Pour ces ateliers, qui ont lieu tous les troisièmes jeudis du mois, Bernard Vannier prépare des listes de vocabulaire, des dialogues et des chansons traduites, comme « Il était une bergère ». Les ateliers reprendront le 22 septembre. Pour s’inscrire, il faut écrire à l’adresse mail patoishieretdemain @gmail.com. Grâce à ces ateliers, « j’ai l’impression de fixer un musée un peu vivant, c’est un patrimoine immatériel qu’il est dommage de perdre. »

La langue savoyarde, « c’est notre jeunesse »

A 92 ans, Denise Laissus se souvient de l’époque où tout le monde parlait savoyard en Tarentaise.

Si parler une langue régionale est aujourd’hui de plus en plus reconnu, cela n’a pas toujours été le cas, et de loin.
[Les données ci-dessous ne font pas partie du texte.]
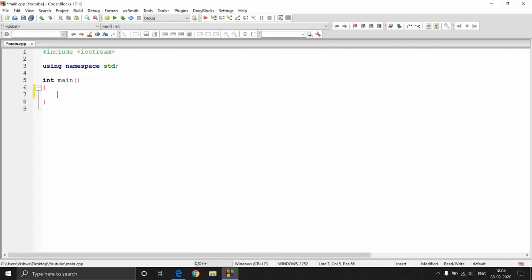Hey guys, welcome to Programming Knowledge. In this video we will be looking at the do-while loop and also the jump statements in C++. Let's get started.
À 92 ans, Denise Laissus, « née Marcoz » comme elle le précise de son accent chantant, se souvient de l’époque où il était interdit de parler sa langue maternelle à l’école.

Née en 1930 au Villard des Allues, elle se souvient que « tout le monde parlait patois » dans sa jeunesse. Elle n’utilisait jamais le français, sauf à l’école. Là, « il n’y avait pas lieu de parler patois, raconte-t-elle. Il ne fallait pas, c’était lourdaud. L’instituteur nous surveillait, on avait un peu peur. Mais on se comprenait mieux en patois ! »

Mariée en 1952, Denise Laissus a trois enfants. Elle n’a pas parlé savoyard avec eux. « Ce n’était plus la mode, explique-t-elle. Il y avait la station et ça a tout changé. » L’arrivée de plus en plus de touristes avec la création de la station de sports d’hiver de Méribel a encouragé l’utilisation du français dans la région, au détriment de la langue locale. Toutefois, Denise précise que ses enfants comprennent le savoyard. « Mon fils parle même patois, il a appris avec tous les anciens du village qui lui parlaient en patois ! »

Mais selon elle, il n’y a plus d’avenir pour cette langue : « Qui va parler patois aujourd’hui ? On parle patois entre anciens, mais on n’est plus que deux ici. Qui pourrait l’enseigner ? Ils sont tous morts ! » Pourtant, entendre quelqu’un parler savoyard lui fait du bien. « C’est notre jeunesse, c’est la famille. C’est le monde avant la station. Il ne faudrait pas que ça se perde. »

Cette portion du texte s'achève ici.